Dick knew even before he finished medical school that he would leave the East Coast for California.
“It wasn’t from TV. I just knew about the Free Speech movement and the anti-war movement and civil rights and I knew I had to be there. I applied to San Francisco General’s internship program. My interviewer was this gray-haired woman pediatrician. She said she didn’t have time to interview me, because there was this demonstration in Berkeley she wanted to go to. So I said, ‘Let’s go.’ It was Mario Savio speaking in Sproul Plaza. After that, I knew I had to go there. It was the only program I applied to. I was in Peru when the acceptance letter came. I had told my mother where I was, but poor Sylvia had no way to reach me.”

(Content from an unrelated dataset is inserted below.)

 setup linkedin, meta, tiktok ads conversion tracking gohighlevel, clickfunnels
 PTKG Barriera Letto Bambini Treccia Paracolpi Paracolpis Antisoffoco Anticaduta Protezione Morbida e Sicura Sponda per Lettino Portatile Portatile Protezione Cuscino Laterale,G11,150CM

In 1974, Dick met Kathleen Campbell, a secretary in the Outpatient Department. They lived together for seven years, married in 1981, and had twin daughters, Sarah and Lynn, in 1983. Dick supported Kathleen in obtaining her law degree and becoming a federal court attorney in 1986.
They lived in the same house that Fine had purchased in 1968, while he was still a resident. For many years they rode the same motorcycle 1974 BMW R/75 on which he had given her a ride from the hospital to her flat in the Mission on that fateful day he broke his rule about not dating anyone from work.